Not a question. An order.

We slipped out the back door, into the cool bite of morning. The mountain air in Dreadnought was crisp, sharp enough to clear the fog from my skull. The town below still slept, unaware that its mayor was playing games with men who didn’t forgive.

Pop lit a cigarette, exhaled smoke real slow. His face was carved stone, unreadable, but I’d followed him long enough to see the cracks. “Stanley’s coming harder than ever,” he shared finally. “This judge move? It ain’t random. He’s got someone backing him.”
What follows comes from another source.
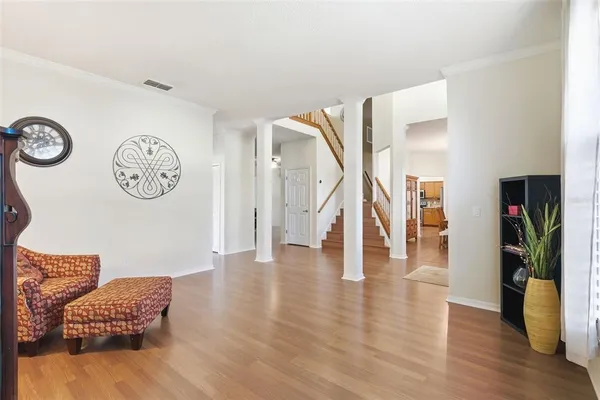a living room with furniture and a wooden floor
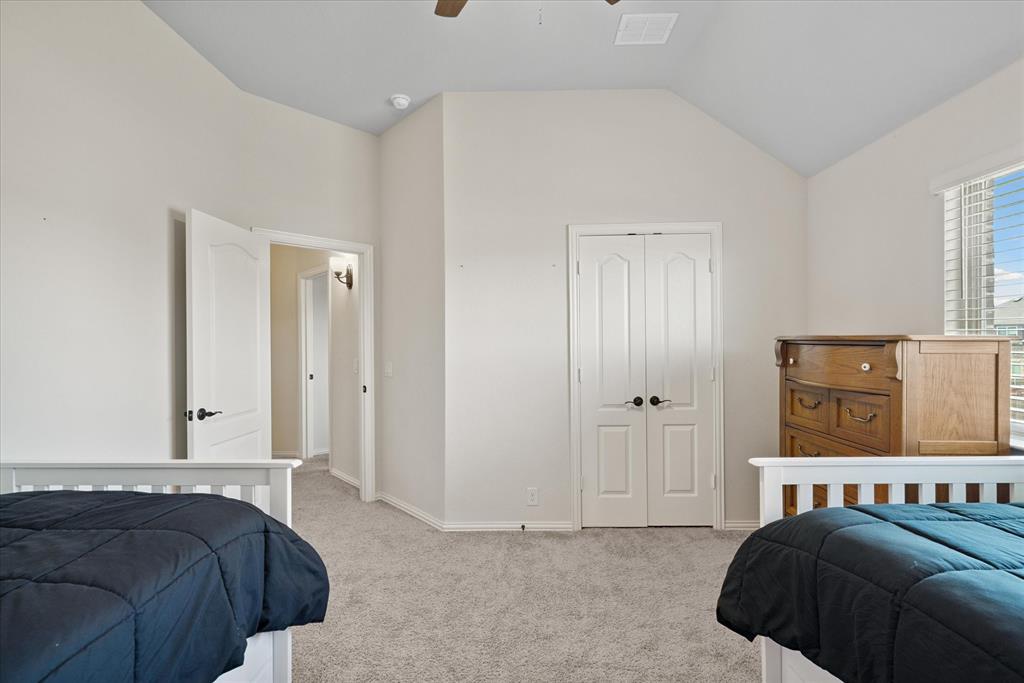 4102 Sublett Way Kaufman, TX 75142 - Photo 28 of 40 Bedroom featuring light colored carpet, a closet, vaulted ceiling, and a ceiling fan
I nodded, sipping coffee, waiting.

“I need you steady, brother,” Pop went on. “No heat, no slip-ups. Not from you, not from the table. The patch stays squeaky clean as we can be. We walk the line until we know where the new judge lands.”

He glanced at me, eyes sharp as glass. “But when the time comes? When I give the nod? We take it all. Stanley, Walsh, whoever’s pulling strings behind him. We bury ’em.”

That was Pop. Calm storm. Always thinking three steps ahead.

“You got me,” I said. “Always.”

He smirked faint, just a shadow of a grin. “Knew I could count on you. You’ve been my right hand since Fallujah. Nothing’s changed.”

And just like that, the desert came back.

Sand in my teeth, blood in my eyes, bullets and bombs cracking overhead. We were pinned down together more than once. Eight tours blurred together, but Fallujah stuck.

Pop was my master sergeant then. Calm in the chaos, storm in the waiting, always ready with the next command. He moved through fire like he was immune, barking orders, dragging men back from the edge.

I’d taken shrapnel to the leg, couldn’t move. Thought I was done. Then Pop appeared out of the dust, grabbed me by the collar, and hauled me out while rounds stitched the ground around us.

“You don’t die here, Gonzales, you hear me?” He growled the words in frustration, not at me, but with concern for his men. “You die when I say.”

That was the bond. That was the reason I followed him then, followed him now, and will follow him straight into Hell. Pop wasn’t just a man. He was always the leader.

The memory faded, leaving me with the mountain air, the cigarette smoke, and Pop’s steady gaze.

“We don’t get second chances here,” he explained his concerns. “One slip, one mistake, Stanley nails us to the wall. But we’ve danced this dance before. He ain’t ready for what comes when the Saints push back.”

I nodded again, words unnecessary.

Pop crushed the cigarette under his boot. “Rally the boys when they wake. Keep ’em sharp. No cowboy shit. Monday we see what Walsh is made of.”

And then he left me standing in the morning light, mug cooling in my hand, head pounding but heart steady. Because he was right. Monday wasn’t just another date on a calendar.

It was a fuse, already lit and a wick burning down.

And when it hit the powder, Dreadnought was going to see what a real storm blowing through looked like.

Chapter 2

Gonzo

“Grind down,” I bit out, voice harsh, throat raw from whiskey and smoke. “Cunt’s tight, bunny.”

She smiled as she rode me, all lips and lashes. “New to this.” Her words came out in pants. “Tryin’ Gonzo.”